Rifken who has written extensively about the topic remains hopeful that there is time for corporations to understand and innovate toward the wisdom of a decentralized system that allows citizens to participate collaboratively in a horizontal share model whereby they are able to use energy created in their own back yards. It is a model that requires a change in thinking, an openness for innovation and collaborative distribution and it is being implemented in Germany where Rifken has been a consultant.
Other speakers each present at the conference are also leaders in the movement to get off fossil fuel energy sources and transition to renewable energy. They highlighted their area of expertise and provided a fascinating and uplifting account of the forward momentum of business enterprise and non profits working collaboratively. Janine Benyus, David W. Orr (The Oberlin Project) Majora Carter and Paul Hawken provided information and shared their experience, knowledge and efforts in providing renewable energy and making sustainable, green living environments. Each encouraged that the first toddling steps in the right direction make all the difference in factoring the time to move off unrenewables. It is late in the carbon, methane, etc. emission debacle, but there is hope.
Michael Reynolds and Bob Berkebile shared their green building innovations. Michael Reynolds with precision, pin- point clarity and great humor shared the ingenuity of his innovative green, sustainable building designs. Using recycled materials like rubber tires, glass bottles and other items, these structures can be built in any part of the world and require little upkeep or costly maintenance once constructed. The “radically sustainable buildings” provide electricity, potable water, contained sewage treatment and even sustainable food production.

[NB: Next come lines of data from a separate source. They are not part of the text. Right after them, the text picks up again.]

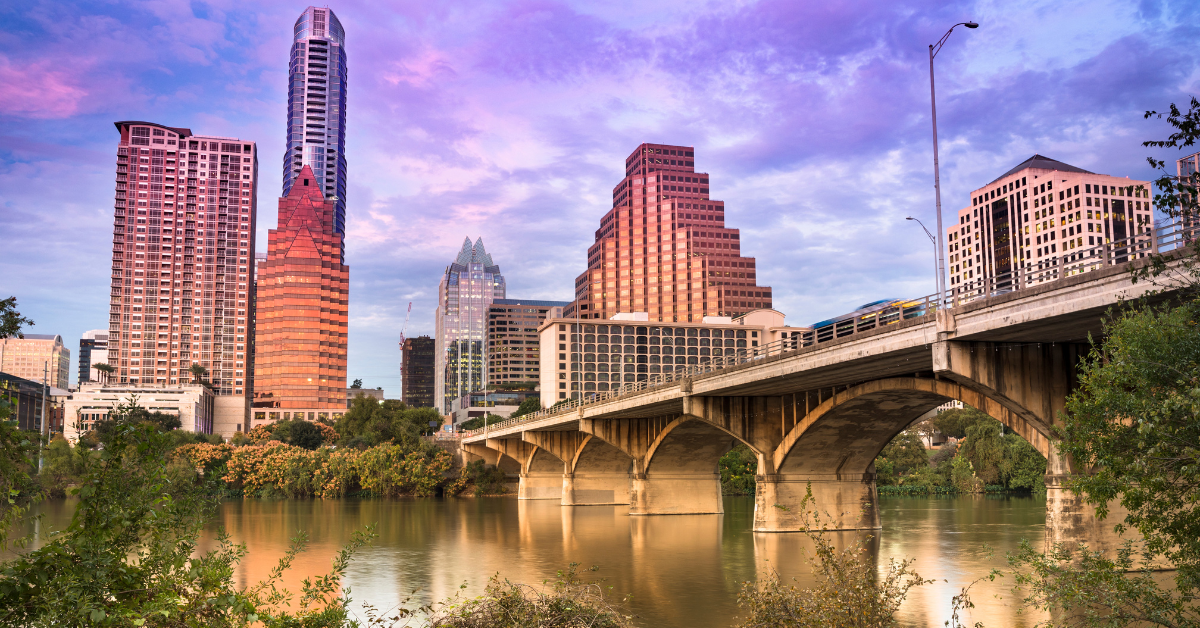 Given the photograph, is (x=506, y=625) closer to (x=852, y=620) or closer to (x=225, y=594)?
(x=225, y=594)

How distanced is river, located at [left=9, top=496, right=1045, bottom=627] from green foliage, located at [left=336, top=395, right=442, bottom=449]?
4112 cm

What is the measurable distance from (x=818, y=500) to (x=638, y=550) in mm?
13344

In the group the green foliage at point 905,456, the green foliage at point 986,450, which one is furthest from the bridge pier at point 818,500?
the green foliage at point 905,456

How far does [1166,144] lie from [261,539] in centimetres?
5005

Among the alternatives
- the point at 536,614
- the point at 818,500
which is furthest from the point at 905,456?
the point at 536,614

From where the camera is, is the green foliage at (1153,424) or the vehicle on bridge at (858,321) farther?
the vehicle on bridge at (858,321)

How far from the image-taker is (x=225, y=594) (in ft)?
40.1

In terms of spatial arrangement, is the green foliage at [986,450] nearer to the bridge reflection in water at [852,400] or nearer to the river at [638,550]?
the river at [638,550]

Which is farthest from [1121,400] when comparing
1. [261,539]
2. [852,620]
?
[261,539]

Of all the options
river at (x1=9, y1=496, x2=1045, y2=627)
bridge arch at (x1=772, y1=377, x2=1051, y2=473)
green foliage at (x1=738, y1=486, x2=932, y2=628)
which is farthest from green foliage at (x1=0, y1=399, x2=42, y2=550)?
bridge arch at (x1=772, y1=377, x2=1051, y2=473)

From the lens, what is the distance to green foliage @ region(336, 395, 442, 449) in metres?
129

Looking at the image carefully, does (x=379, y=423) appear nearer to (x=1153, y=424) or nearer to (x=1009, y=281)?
(x=1009, y=281)

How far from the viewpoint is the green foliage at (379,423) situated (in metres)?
129

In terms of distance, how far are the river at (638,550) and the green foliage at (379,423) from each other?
41.1 meters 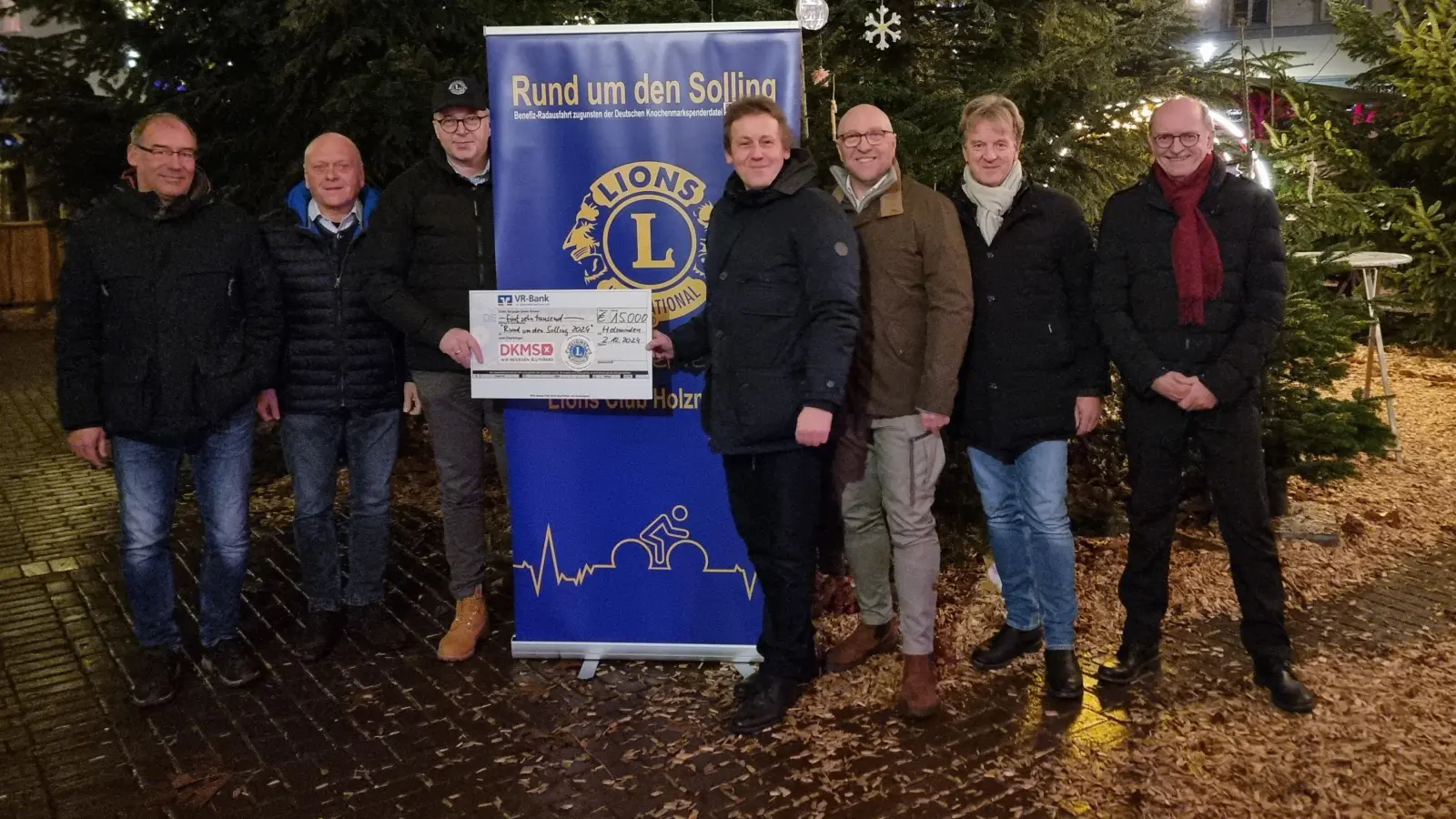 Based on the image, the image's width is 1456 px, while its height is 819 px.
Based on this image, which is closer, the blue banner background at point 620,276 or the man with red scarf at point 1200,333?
the man with red scarf at point 1200,333

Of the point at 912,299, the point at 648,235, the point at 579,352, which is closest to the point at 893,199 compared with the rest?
the point at 912,299

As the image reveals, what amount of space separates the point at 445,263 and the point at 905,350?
6.35 feet

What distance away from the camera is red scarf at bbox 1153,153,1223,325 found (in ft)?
13.5

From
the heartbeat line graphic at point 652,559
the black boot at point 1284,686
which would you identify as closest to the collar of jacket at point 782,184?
the heartbeat line graphic at point 652,559

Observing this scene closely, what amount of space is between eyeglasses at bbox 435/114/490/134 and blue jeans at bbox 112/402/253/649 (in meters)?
1.44

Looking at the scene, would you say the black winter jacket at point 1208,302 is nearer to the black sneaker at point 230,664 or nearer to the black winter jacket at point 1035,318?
the black winter jacket at point 1035,318

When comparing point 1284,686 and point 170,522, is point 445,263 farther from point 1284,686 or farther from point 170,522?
point 1284,686

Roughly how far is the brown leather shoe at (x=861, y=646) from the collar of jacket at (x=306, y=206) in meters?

Bob Berkebile shared his work with communities after destruction by storms, for example the work being done to redevelop a community in Kansas City, Missouri. Like others, his design and community planning is centered around green and sustainable with the collective input and participation of community members focusing on their needs and desires. This is participatory redevelopment in its finest moment of wisdom, not accomplished by developers who rush in with poor design and function to make their “killing” with little consideration for the long haul, especially with regard for the environment and the humans who have to live in their structures.
Global warming is not a matter of belief. There are facts and figures which scientists point to and there are facts and figures which global corporations and their sub rosa PACs point to. It is understandable that these are not the same facts and figures. Nevertheless, the conference speakers pointed out that consensus can be reached and doing something now is better than arguing about doing something. Germany is doing something. It is benefiting economically because of the cost savings. Fossil fuels are very expensive and the likelihood is that the expense of using them will not decrease in the future. Certainly, continuing their use will be far more costly than using sustainable, renewable energy. In fact the cost to the planet will be incalculable.